BEGIN Provided material

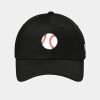 Structured Stretch Cotton Cap Thumbnail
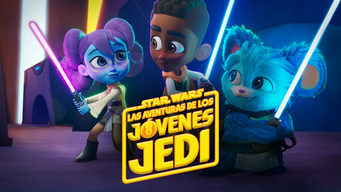 Star Wars: Las aventuras de los jóvenes Jedi (2023)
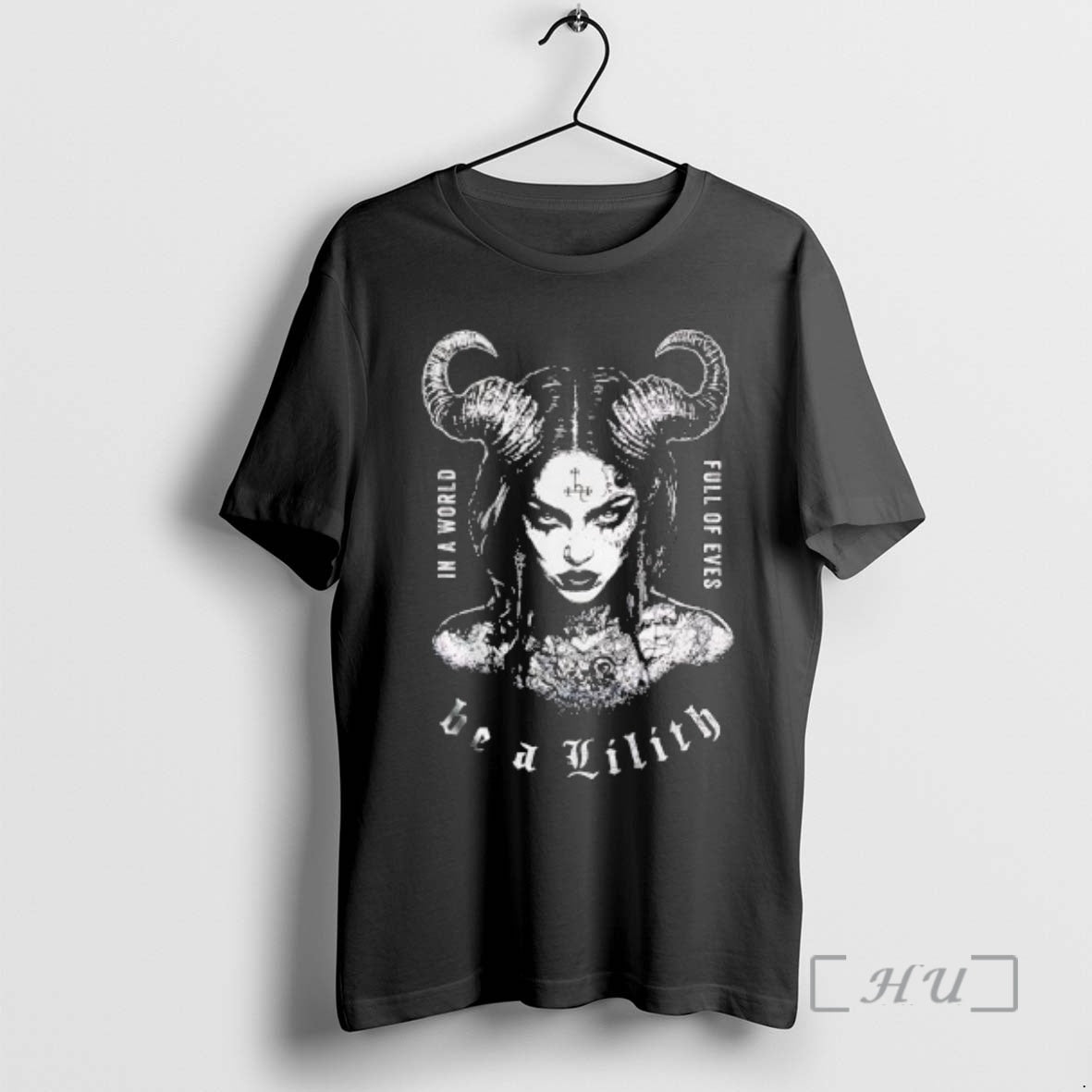 Officials Be A Lilith In A World Full Of Eves Graphic Premium T Shirts Sweater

END Provided material

• Exercise requirements: Please print the listing above again word for word, without its pictures.

• Output for this exercise:
 Structured Stretch Cotton Cap Thumbnail
 Star Wars: Las aventuras de los jóvenes Jedi (2023)
 Officials Be A Lilith In A World Full Of Eves Graphic Premium T Shirts Sweater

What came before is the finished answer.